Some Needed Fundamentals of Thermodynamics

Real-life thermodynamic processes can be messy to describe fully. When an object is heated, the heating is often not uniform—i.e, there are spatial regions of higher and lower temperature, at least temporarily. At times, temperature might fluctuate spatially so much that it is impossible to even specify a temperature for the system until things settle down to equilibrium. Similar difficulties occur for cooling processes and also for the behavior of matter under pressure and volume changes. For these reasons, physicists have focused on
equilibrium properties and near-equilibrium processes.
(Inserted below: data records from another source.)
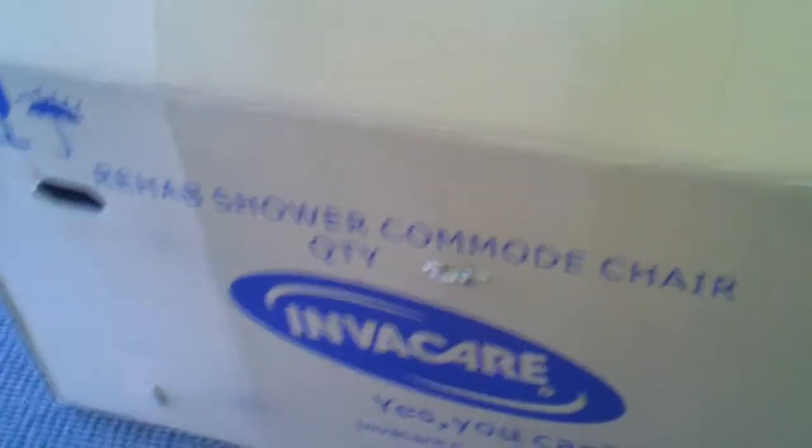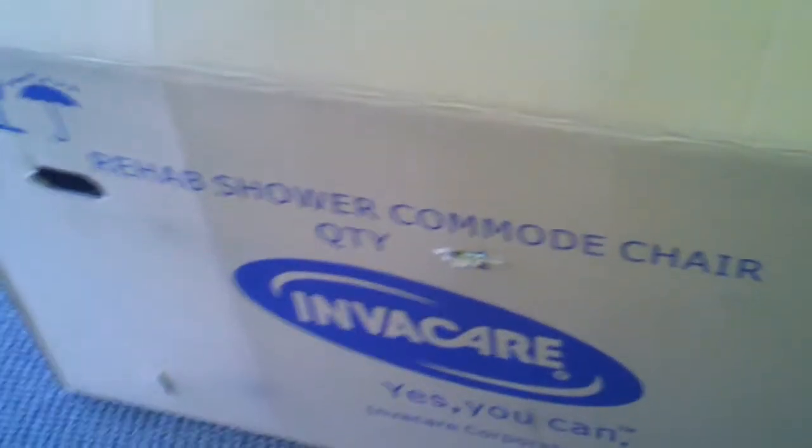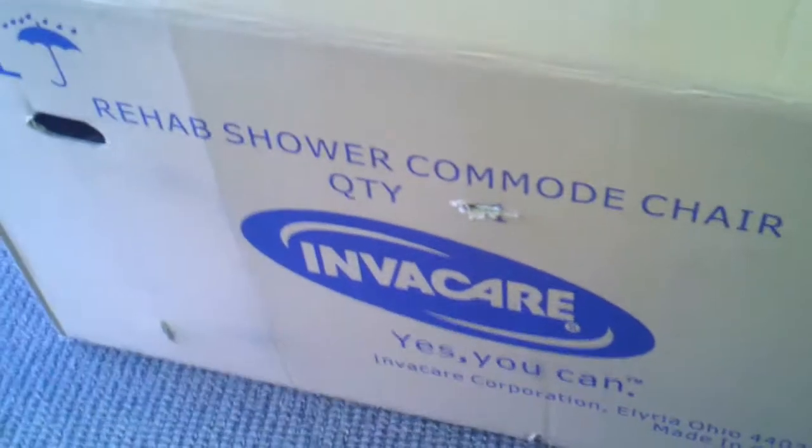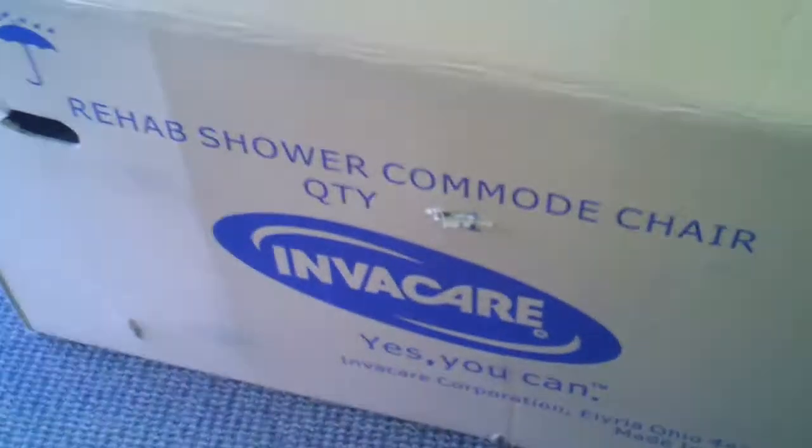Hello, you are looking at the Rehab Shower Commode Chair by Invacare. It's actually called the Mariner, and this is how it's shipped.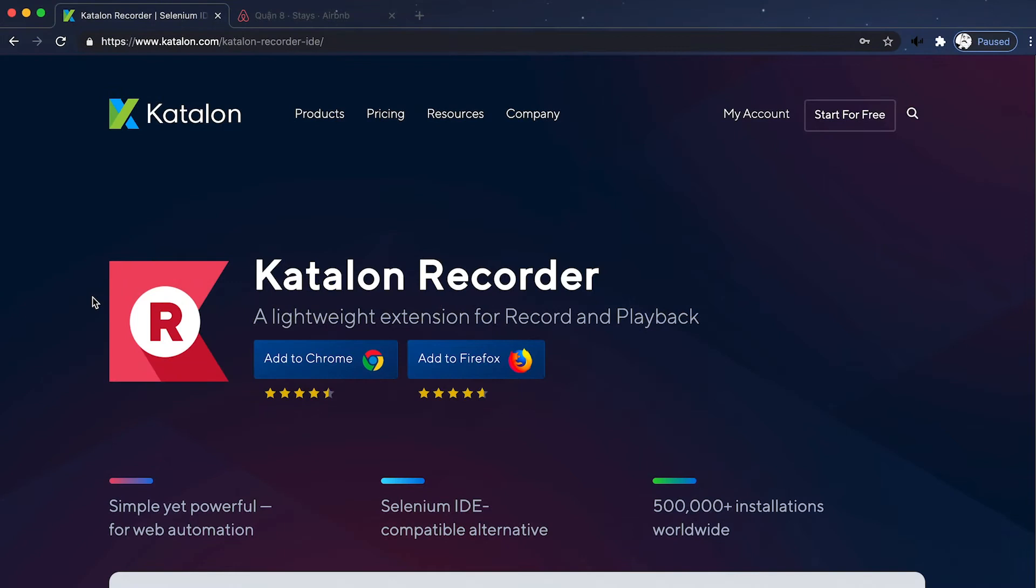Hi everyone! Today we're going to walk you through how to use Katalon Recorder. It's a lightweight yet powerful web extension with the ability to record and playback and export the script into various scripting languages.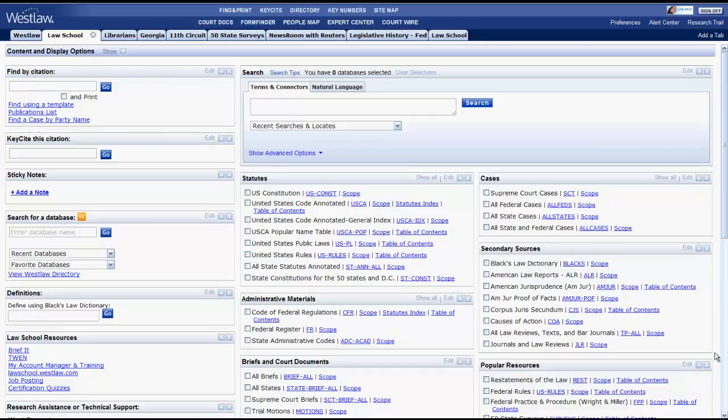The purpose of this video is to give you a quick overview of how to navigate the Westlaw platform. There will be supplemental videos later on that focus on how to search for cases, statutes, and other legal materials.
CTRs and RWSs. To aid in this, they have invented mental constructs that enable slow, controllable heating, cooling, and work processes. The first construct is a constant-temperature reservoir (CTR). This is a massive entity that is always in thermodynamic equilibrium. It can exchange energy by heat processes without its temperature changing perceptibly. It is assumed to remain homogeneous even when energy exchanges are rapid. That is, its response time is nearly zero. I already have used such reservoirs, which I referred to as energy reservoirs in the essay Power and Reversibility. Obviously, a CTR is an idealization that is used to enable us to focus on changes in a chosen system of interest.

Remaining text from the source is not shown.